[<prev] [next>] [<thread-prev] [thread-next>] [day] [month] [year] [list]
Message-ID: <20250702150624.00007ceb@huawei.com>
Date: Wed, 2 Jul 2025 15:06:24 +0100
From: Jonathan Cameron <Jonathan.Cameron@...wei.com>
To: Lorenzo Pieralisi <lpieralisi@...nel.org>
CC: Marc Zyngier <maz@...nel.org>, Thomas Gleixner <tglx@...utronix.de>, "Rob
Herring" <robh@...nel.org>, Krzysztof Kozlowski <krzk+dt@...nel.org>, "Conor
Dooley" <conor+dt@...nel.org>, Catalin Marinas <catalin.marinas@....com>,
Will Deacon <will@...nel.org>, Arnd Bergmann <arnd@...db.de>, "Sascha
Bischoff" <sascha.bischoff@....com>, Timothy Hayes <timothy.hayes@....com>,
Bjorn Helgaas <bhelgaas@...gle.com>, "Liam R. Howlett"
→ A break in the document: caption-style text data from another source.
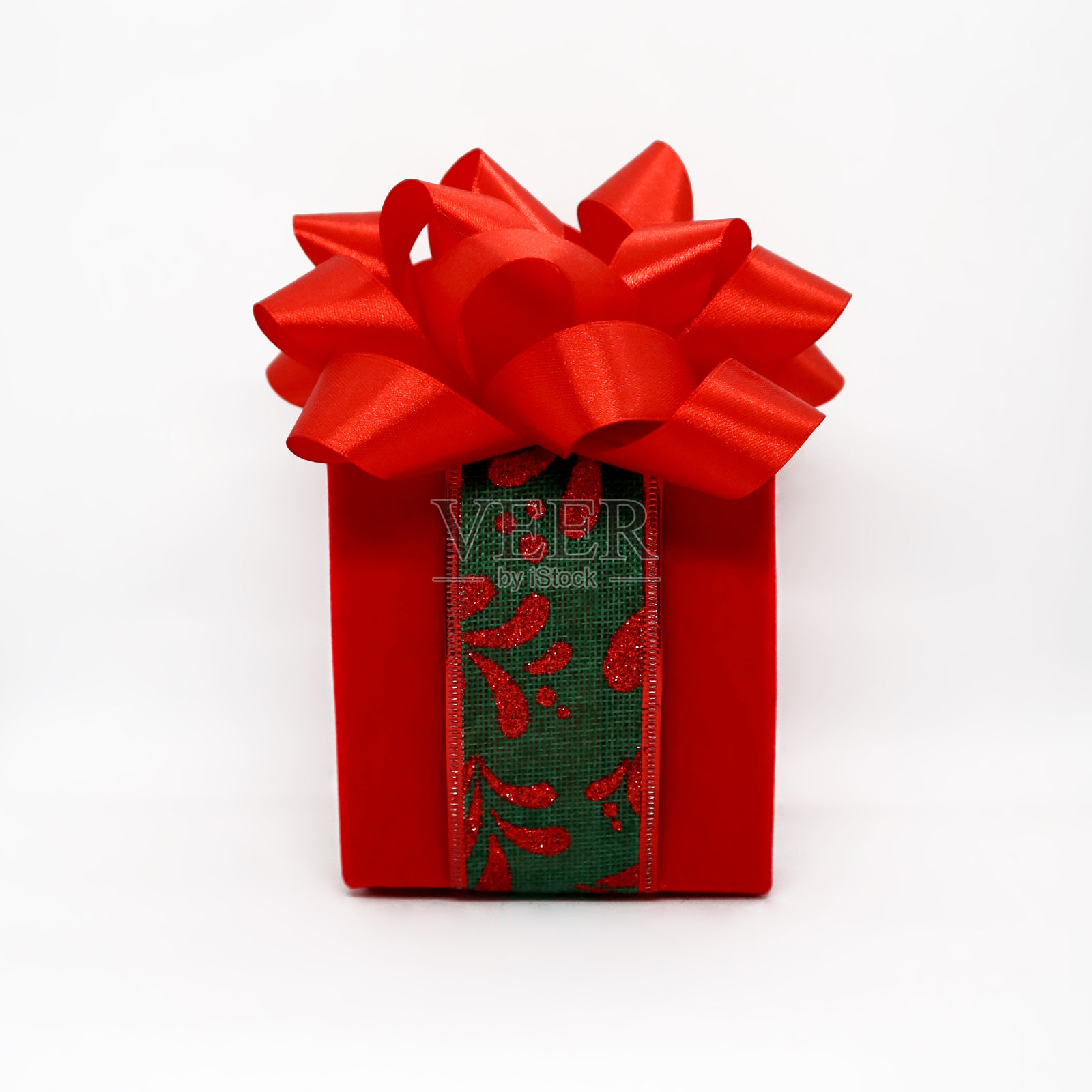 红色礼品盒配上鲜红色丝带。新年礼物。圣诞装饰。照片摄影图片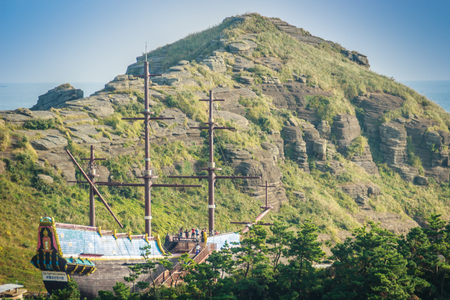 Jeju Island, KOREA - NOVEMBER 12: The tourist visited Sanbanggulsa temple that located on Sanbangsan Mountain. On the way to the cave, with the temple in it you have multiple buildings - 12 NOVEMBER 2016のeditorial素材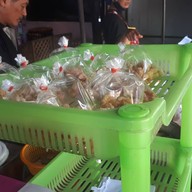 เมนูของร้าน ผัดไทห่อไข่หน้าโรงพัก(เจ้าเก่า)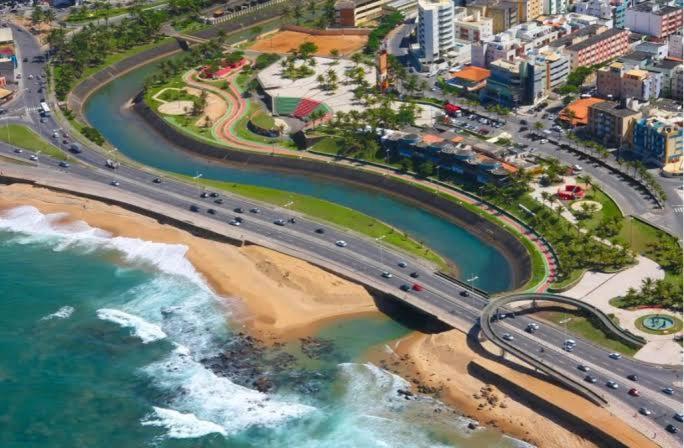 una vista aérea de una ciudad con un puente sobre una playa en Aconchego, Ap com Piscina de Vista Panorâmica, en Salvador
<Liam.Howlett@...cle.com>, Peter Maydell <peter.maydell@...aro.org>, "Mark
Rutland" <mark.rutland@....com>, Jiri Slaby <jirislaby@...nel.org>,
<linux-arm-kernel@...ts.infradead.org>, <linux-kernel@...r.kernel.org>,
<devicetree@...r.kernel.org>, <linux-pci@...r.kernel.org>
Subject: Re: [PATCH v6 28/31] irqchip/gic-v5: Add GICv5 ITS support
On Thu, 26 Jun 2025 12:26:19 +0200
Lorenzo Pieralisi <lpieralisi@...nel.org> wrote:
> The GICv5 architecture implements Interrupt Translation Service
> (ITS) components in order to translate events coming from peripherals
> into interrupt events delivered to the connected IRSes.
>
> Events (ie MSI memory writes to ITS translate frame), are translated
> by the ITS using tables kept in memory.
>
> ITS translation tables for peripherals is kept in memory storage
> (device table [DT] and Interrupt Translation Table [ITT]) that
> is allocated by the driver on boot.
>
> Both tables can be 1- or 2-level; the structure is chosen by the
> driver after probing the ITS HW parameters and checking the
> allowed table splits and supported {device/event}_IDbits.
>
> DT table entries are allocated on demand (ie when a device is
> probed); the DT table is sized using the number of supported
> deviceID bits in that that's a system design decision (ie the
> number of deviceID bits implemented should reflect the number
> of devices expected in a system) therefore it makes sense to
> allocate a DT table that can cater for the maximum number of
> devices.
>
> DT and ITT tables are allocated using the kmalloc interface;
> the allocation size may be smaller than a page or larger,
> and must provide contiguous memory pages.
>
> LPIs INTIDs backing the device events are allocated one-by-one
> and only upon Linux IRQ allocation; this to avoid preallocating
> a large number of LPIs to cover the HW device MSI vector
> size whereas few MSI entries are actually enabled by a device.
>
> ITS cacheability/shareability attributes are programmed
> according to the provided firmware ITS description.
>
> The GICv5 partially reuses the GICv3 ITS MSI parent infrastructure
> and adds functions required to retrieve the ITS translate frame
> addresses out of msi-map and msi-parent properties to implement
> the GICv5 ITS MSI parent callbacks.
>
> Co-developed-by: Sascha Bischoff <sascha.bischoff@....com>
> Signed-off-by: Sascha Bischoff <sascha.bischoff@....com>
> Co-developed-by: Timothy Hayes <timothy.hayes@....com>
> Signed-off-by: Timothy Hayes <timothy.hayes@....com>
> Signed-off-by: Lorenzo Pieralisi <lpieralisi@...nel.org>
> Cc: Thomas Gleixner <tglx@...utronix.de>
> Cc: Marc Zyngier <maz@...nel.org>
Hi Lorenzo,
It almost certainly doesn't matter, but there are a couple of release
paths in here where things don't happen in the same order as the
equivalent error tear down paths (i.e. not reverse of setup).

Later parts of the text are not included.